[Caption-style text data]

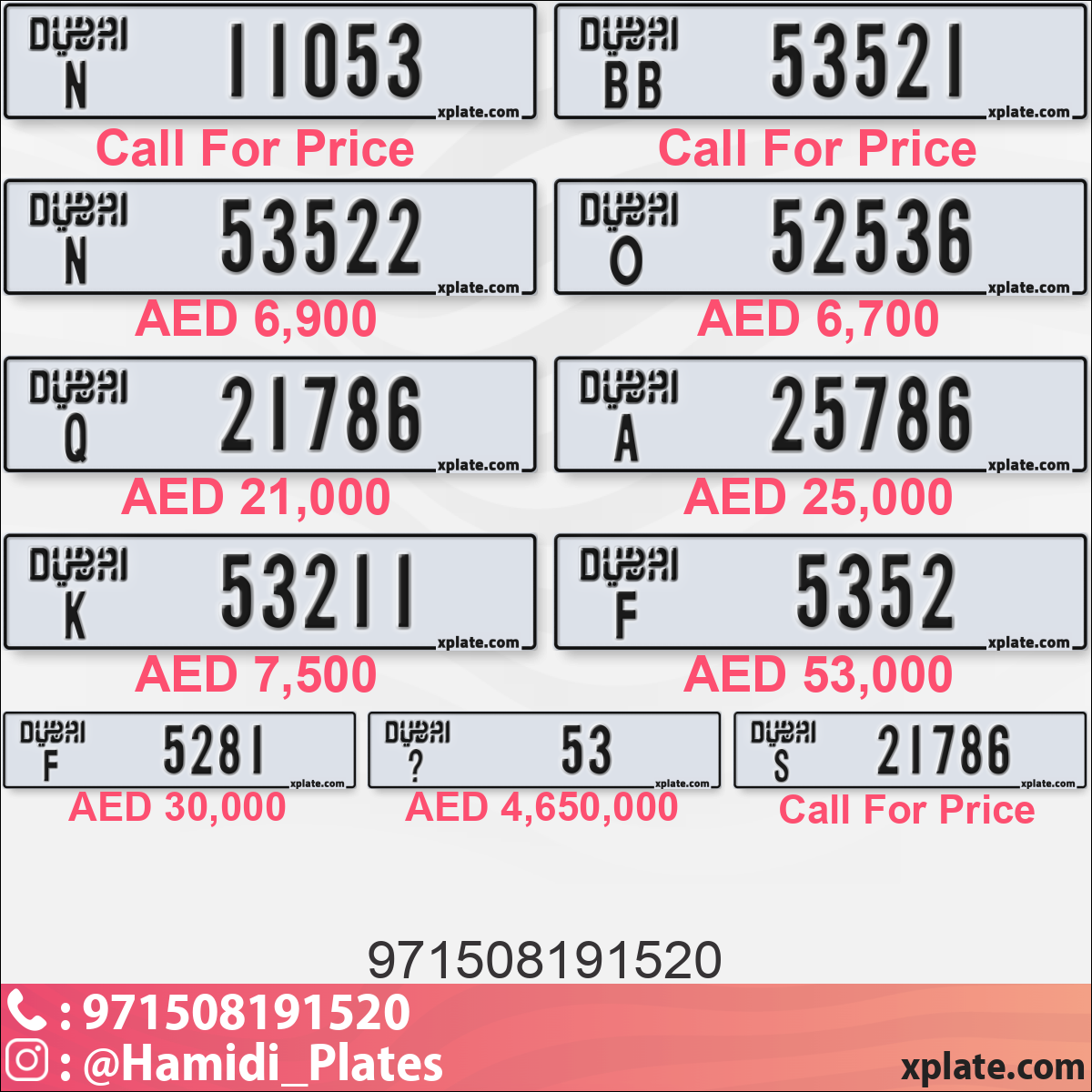 4a865794-e772-48f3-b277-c46cb03daa21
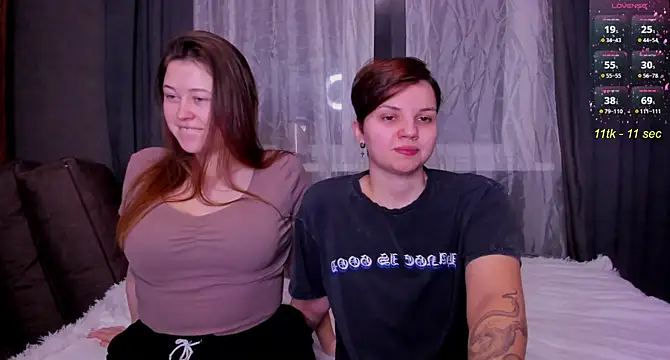 Snapshot of jessica_tenderly chatting on January 13, 2025, 2:11 pm jessica tenderly online show from January 13, 2025, 2:11 pm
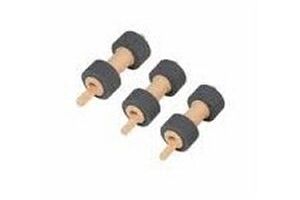OKI B6300 Feed / Pickup Roller KIT (3 szt)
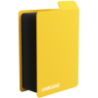 Sizemorph Divider Yellow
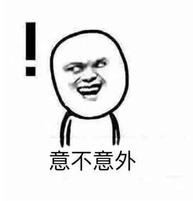 孩子血常规正常仍然反复发烧咳嗽,小孩发烧血常规怎么看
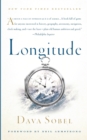 Longitude : The True Story of a Lone Genius Who Solved the Greatest Scientific Problem of His Time - eBook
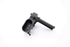 Picture of Cabo de bateria Opel Insignia A de 2008 a 2013 | 13502261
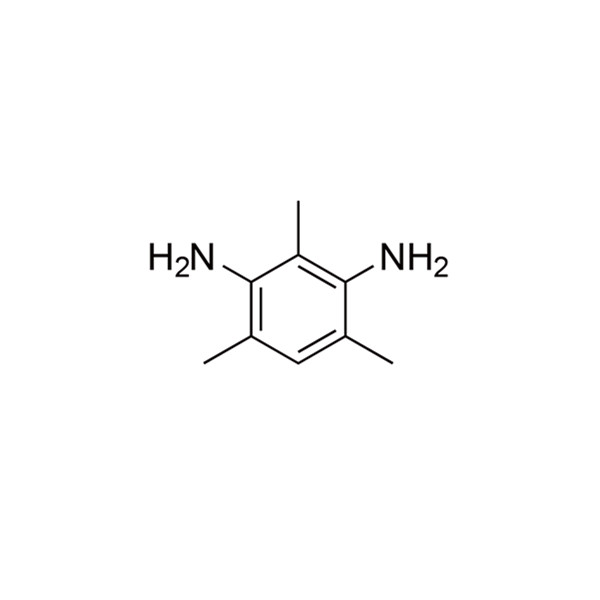 Мономер PI CAS 3102-70-3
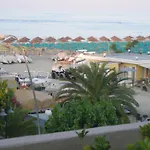Alb's Hotel 3*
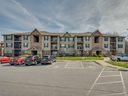 142 Brickton Village Circle 104 sold home in Fletcher, SC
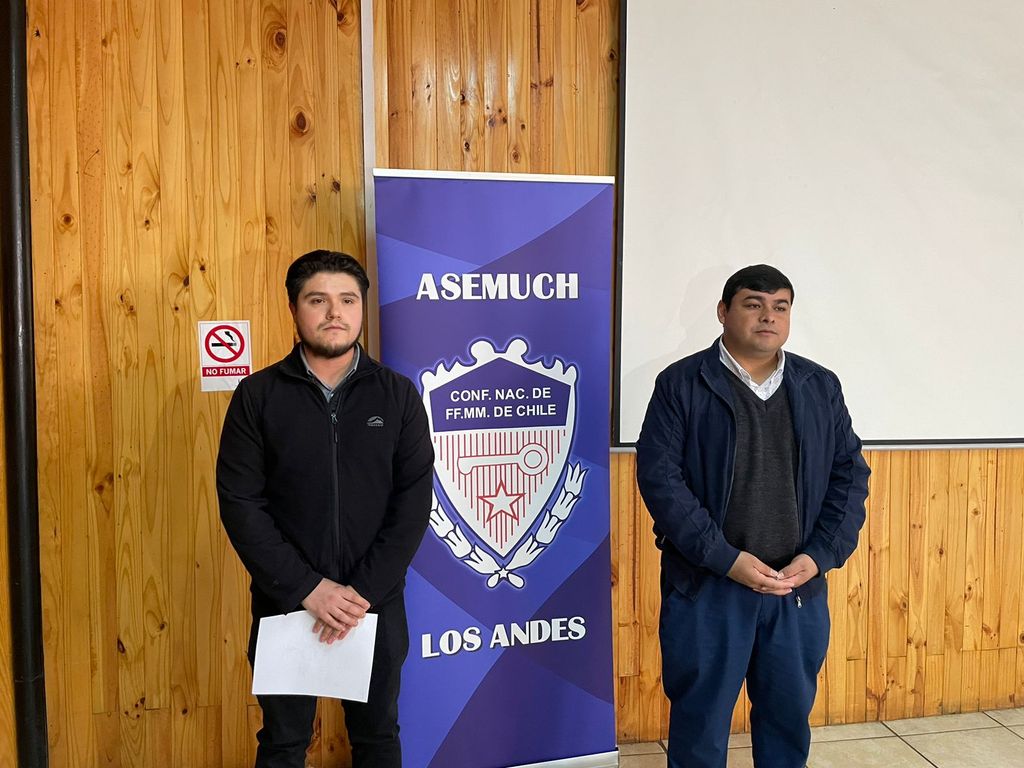1ASEMUCH DENUNCIA (2) 1ASEMUCH DENUNCIA (2)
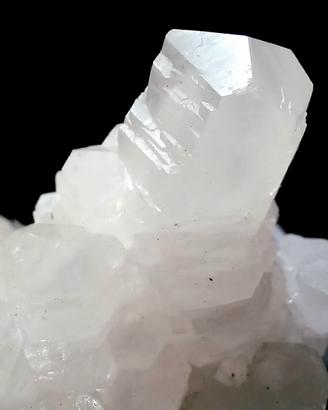 Calcite Mangano india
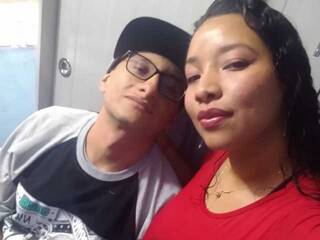 Erotikus videocsevegés Firelovequality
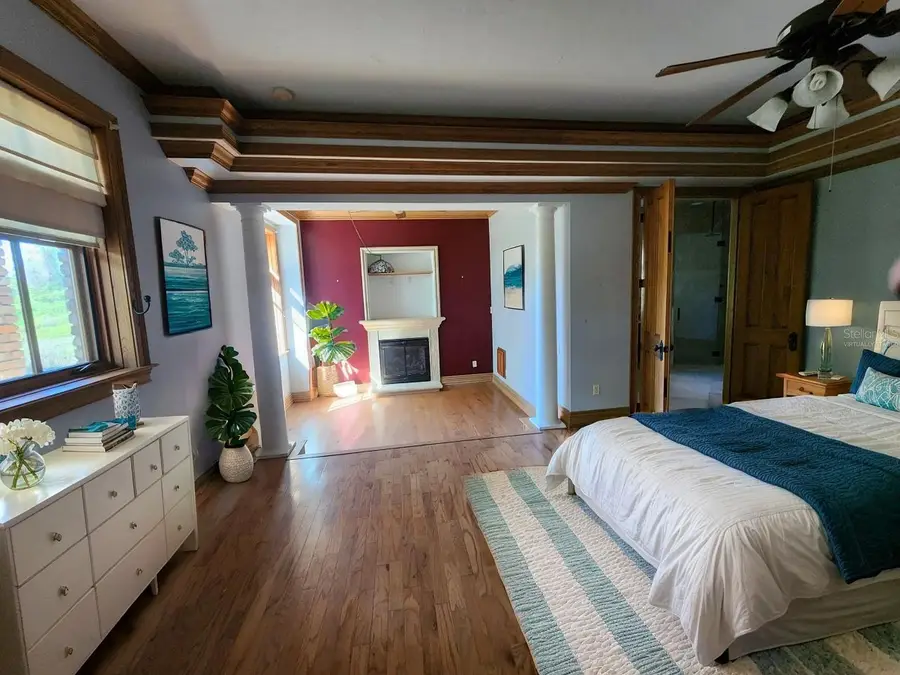 13195 NW 93rd Lane, Alachua, FL 32615 - #3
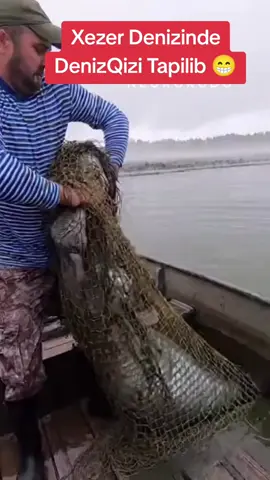 #denizkizi #kesfet #caspiansea #xezerdenizi 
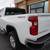 2023 Chevrolet Silverado 2500 HD Crew Cab - Financing Available! 14 thumbnail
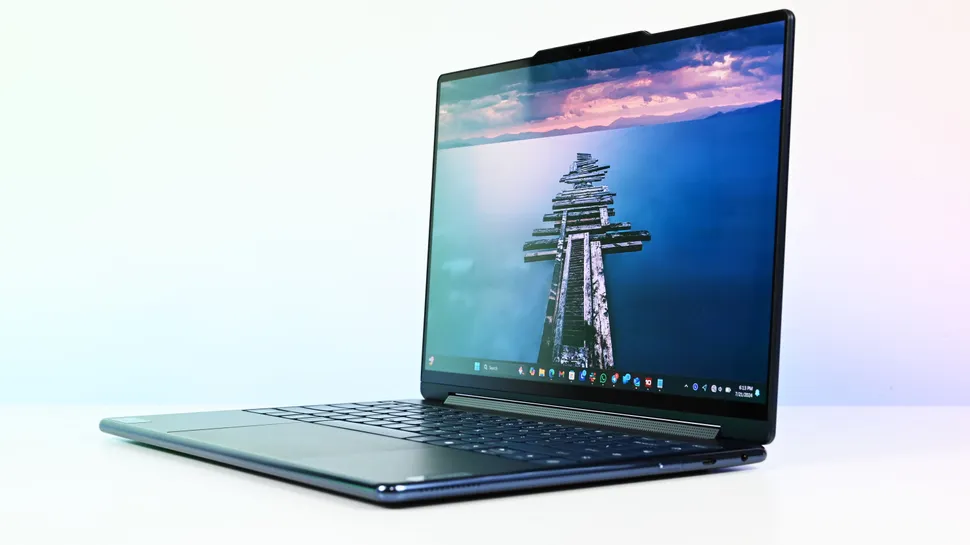 Lenovo Yoga 9i (Gen 10)-2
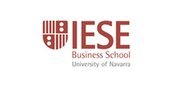 IESE-logo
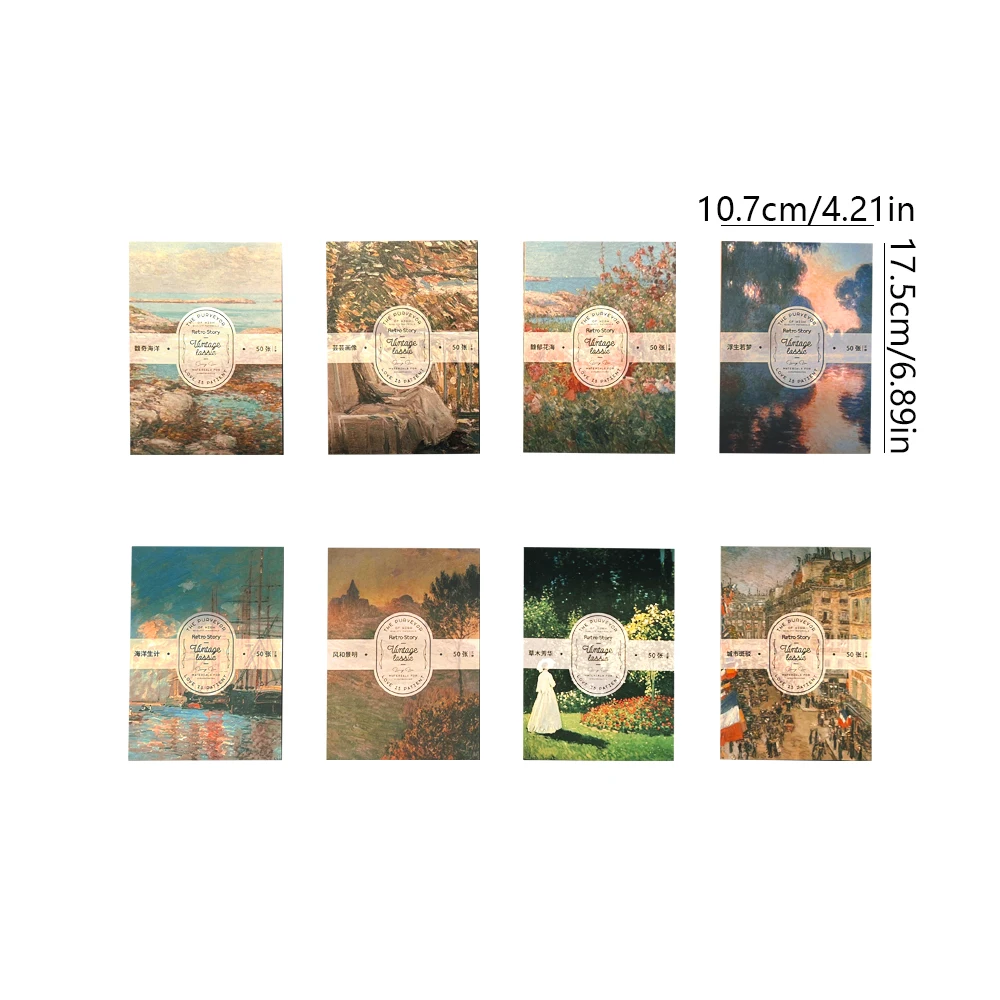 �ݶ��� ��ȭ ǳ�� ��� ���� ���θ� ���� ���� ��ũ���� DIY, 50 ��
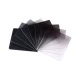 Σετ φίλτρων Neutral Density ND Filters για Cokin P μαζί με βάση αντάπτορες κ Rings (όλα σε ένα) Σετ φίλτρων Neutral Density ND Filters για Cokin P μαζί με βάση αντάπτορες κ Rings (όλα σε ένα)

- Task description: Set down exactly the lines between the line containing "Sizemorph Divider Yellow" and the end of the records above, both ends included; pictures stay out.

- Written answer:
 Sizemorph Divider Yellow
 孩子血常规正常仍然反复发烧咳嗽,小孩发烧血常规怎么看
 Longitude : The True Story of a Lone Genius Who Solved the Greatest Scientific Problem of His Time - eBook
 Picture of Cabo de bateria Opel Insignia A de 2008 a 2013 | 13502261
 Мономер PI CAS 3102-70-3
Alb's Hotel 3*
 142 Brickton Village Circle 104 sold home in Fletcher, SC
1ASEMUCH DENUNCIA (2) 1ASEMUCH DENUNCIA (2)
 Calcite Mangano india
 Erotikus videocsevegés Firelovequality
 13195 NW 93rd Lane, Alachua, FL 32615 - #3
 #denizkizi #kesfet #caspiansea #xezerdenizi 
 2023 Chevrolet Silverado 2500 HD Crew Cab - Financing Available! 14 thumbnail
 Lenovo Yoga 9i (Gen 10)-2
 IESE-logo
 �ݶ��� ��ȭ ǳ�� ��� ���� ���θ� ���� ���� ��ũ���� DIY, 50 ��
 Σετ φίλτρων Neutral Density ND Filters για Cokin P μαζί με βάση αντάπτορες κ Rings (όλα σε ένα) Σετ φίλτρων Neutral Density ND Filters για Cokin P μαζί με βάση αντάπτορες κ Rings (όλα σε ένα)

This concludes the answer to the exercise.